Records provided:

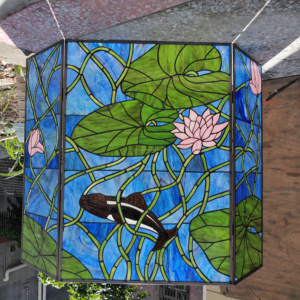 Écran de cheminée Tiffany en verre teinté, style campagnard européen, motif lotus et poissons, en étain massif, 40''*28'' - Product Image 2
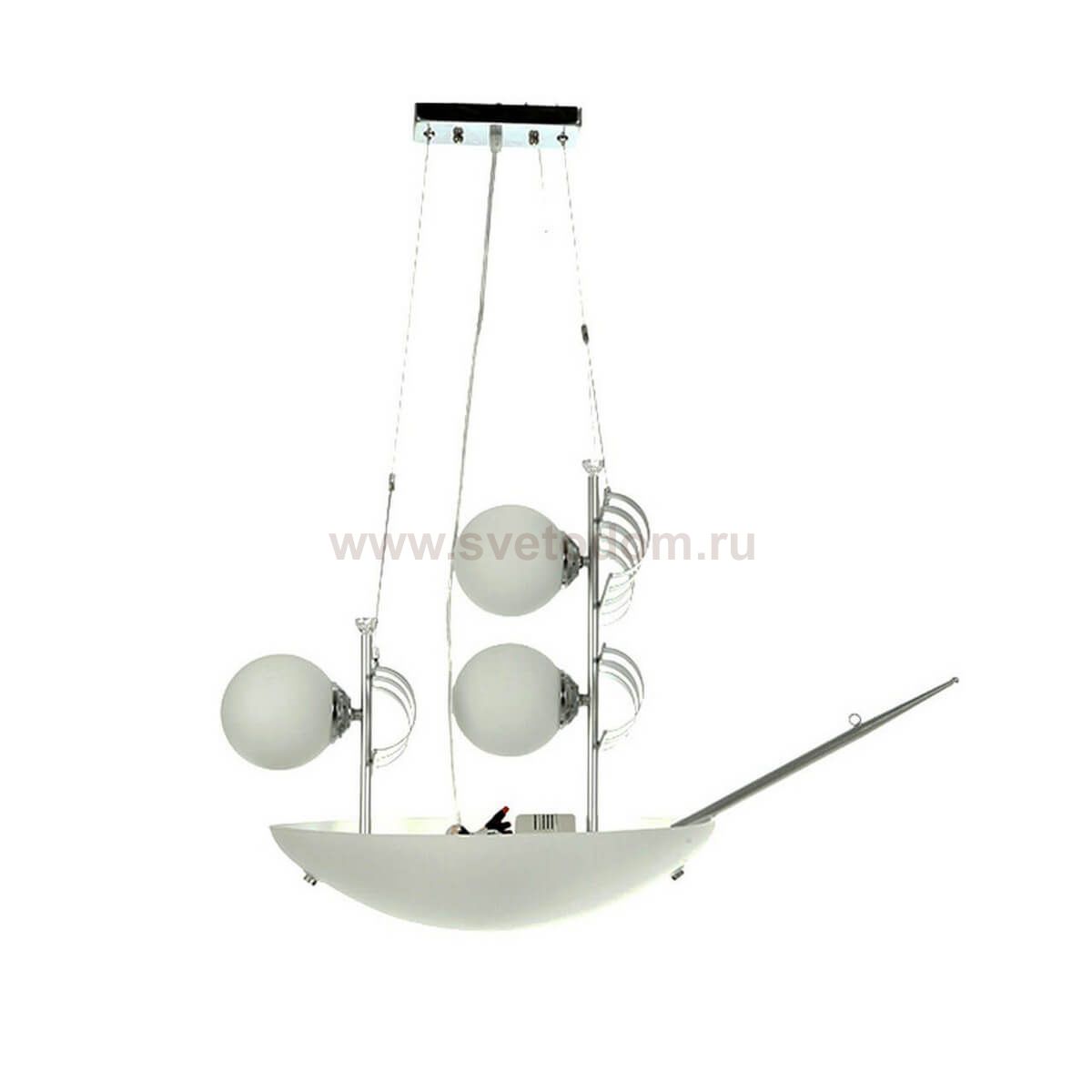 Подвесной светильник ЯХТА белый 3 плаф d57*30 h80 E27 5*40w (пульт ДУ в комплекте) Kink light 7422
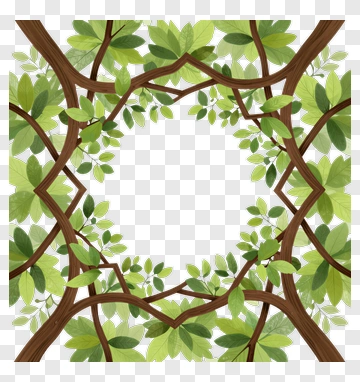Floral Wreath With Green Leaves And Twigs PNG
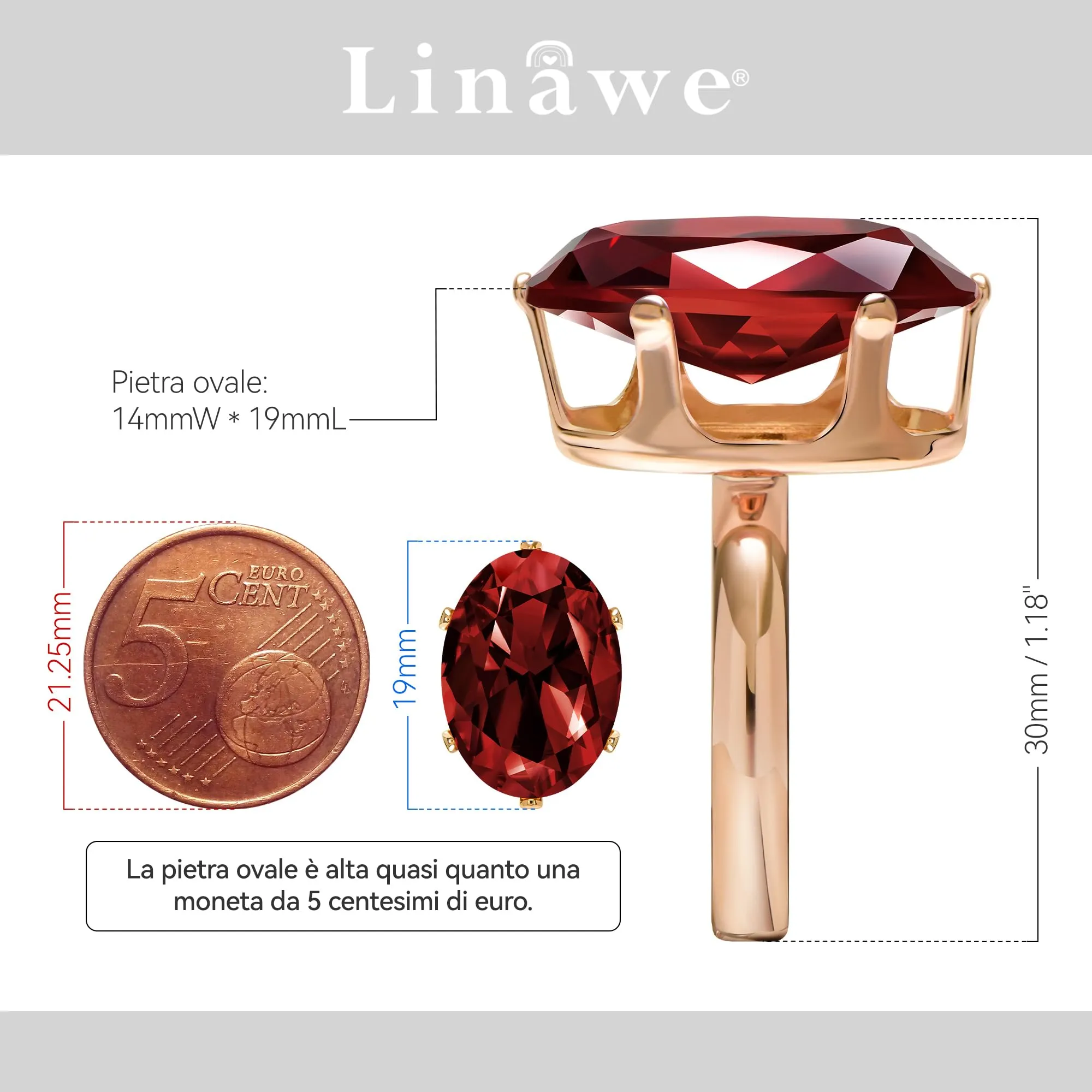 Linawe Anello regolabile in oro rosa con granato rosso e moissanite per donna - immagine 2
--
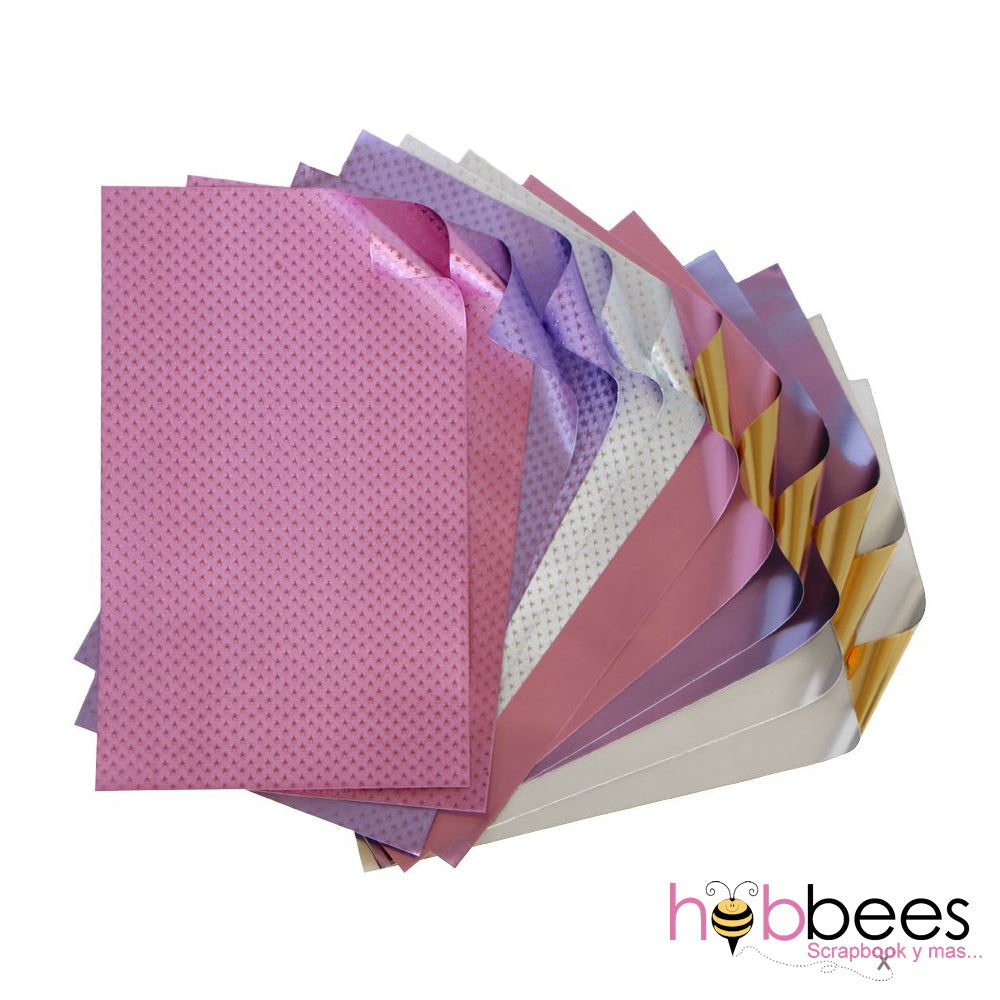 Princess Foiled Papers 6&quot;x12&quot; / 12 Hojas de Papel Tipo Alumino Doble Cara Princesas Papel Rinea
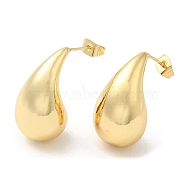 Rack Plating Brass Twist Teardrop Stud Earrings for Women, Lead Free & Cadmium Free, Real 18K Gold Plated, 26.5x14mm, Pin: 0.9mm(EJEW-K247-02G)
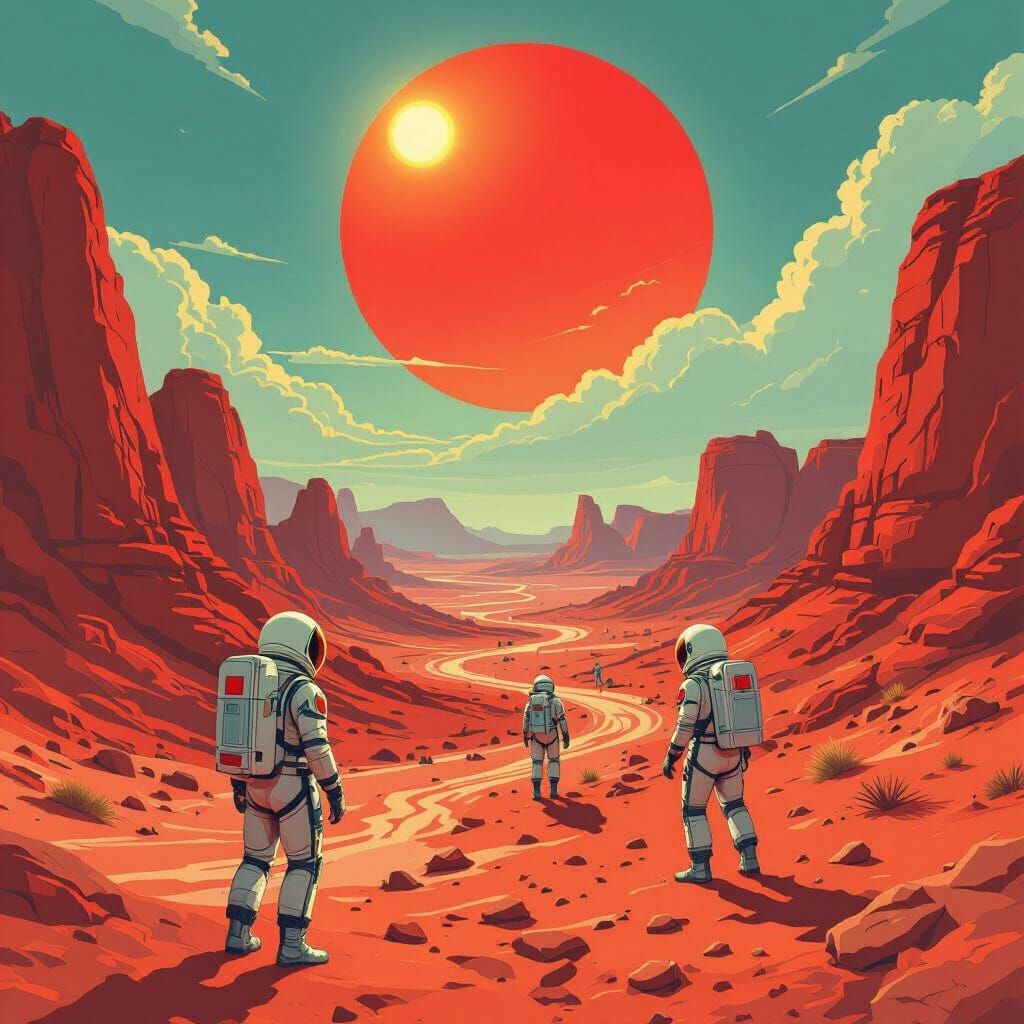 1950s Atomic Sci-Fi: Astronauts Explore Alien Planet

What you are asked to do: What is wanted is an exact copy of the lines above from the one containing "Écran de cheminée" through the one containing "Linawe Anello regolabile", with no pictures in it.

Task response:
 Écran de cheminée Tiffany en verre teinté, style campagnard européen, motif lotus et poissons, en étain massif, 40''*28'' - Product Image 2
 Подвесной светильник ЯХТА белый 3 плаф d57*30 h80 E27 5*40w (пульт ДУ в комплекте) Kink light 7422
Floral Wreath With Green Leaves And Twigs PNG
 Linawe Anello regolabile in oro rosa con granato rosso e moissanite per donna - immagine 2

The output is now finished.